→ **Task item**: Retype, exactly as written, every line from the one containing "Revealing the series" through the last line of the records below, both included; skip the pictures.

── Records for this task

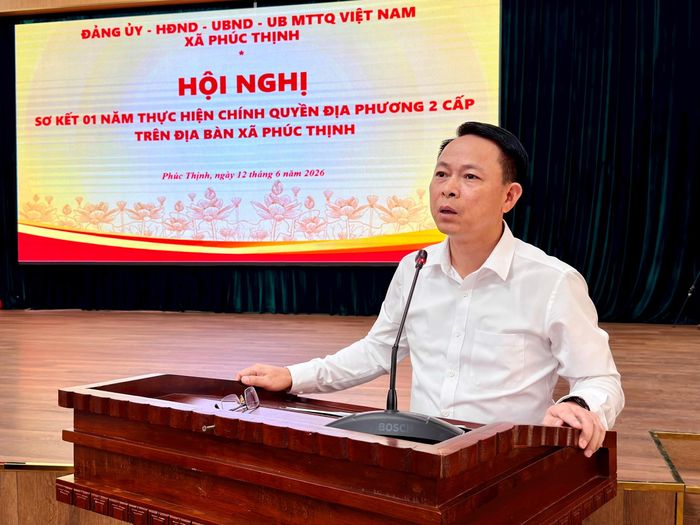 Phó Bí thư Thường trực Đảng ủy xã Đặng Minh Thắng báo cáo về kết quả thực hiện nhiệm vụ chính trị 6 tháng đầu năm 2026. Ảnh: Thanh Hà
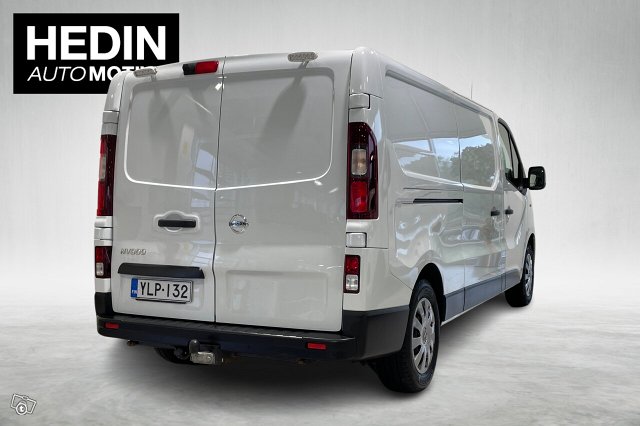 Nissan NV300 2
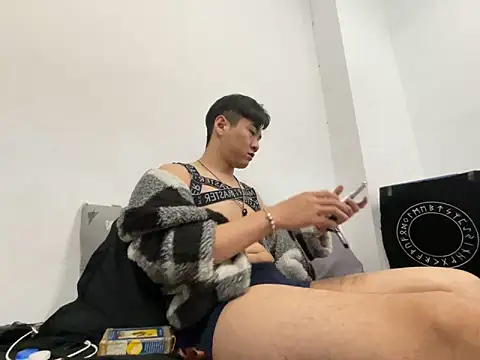 Adam XDZ online show from 04-04-26, 10:55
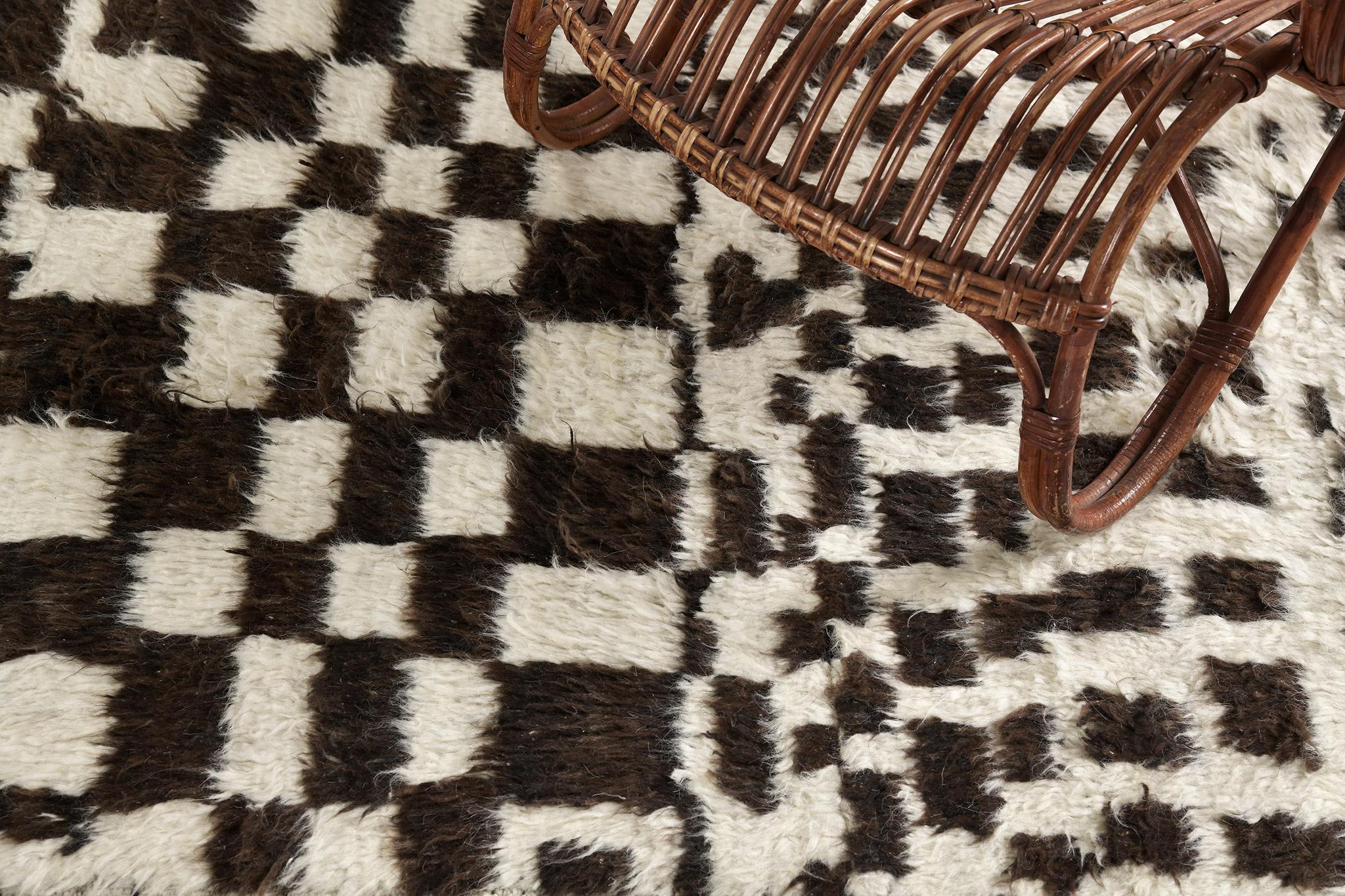 Revealing the series of uneven checkered motifs, Jugo’ is a phenomenal rug that will captivate you in every possible way. Featuring earthy neutral tones of umber brown and ivory, this rug creates an impressive pattern perfect to be placed in an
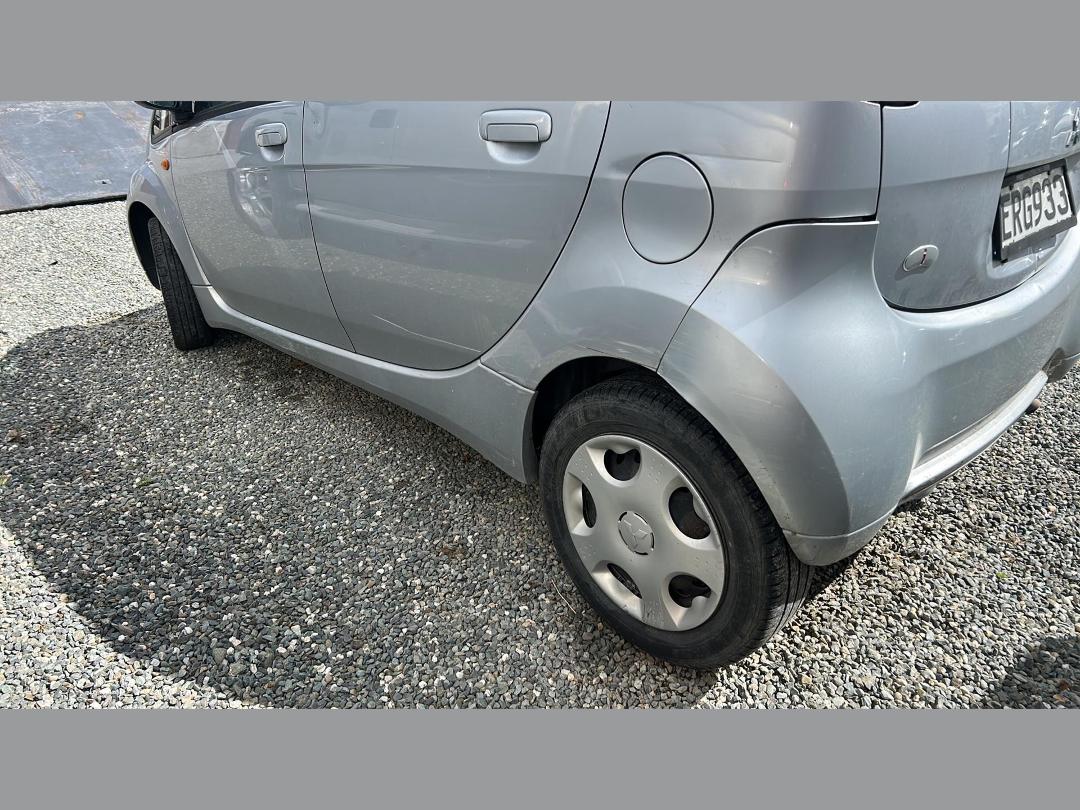 Photo '9' of Mitsubishi I-CAR 660P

────

→ **Expected answer**:
 Revealing the series of uneven checkered motifs, Jugo’ is a phenomenal rug that will captivate you in every possible way. Featuring earthy neutral tones of umber brown and ivory, this rug creates an impressive pattern perfect to be placed in an
 Photo '9' of Mitsubishi I-CAR 660P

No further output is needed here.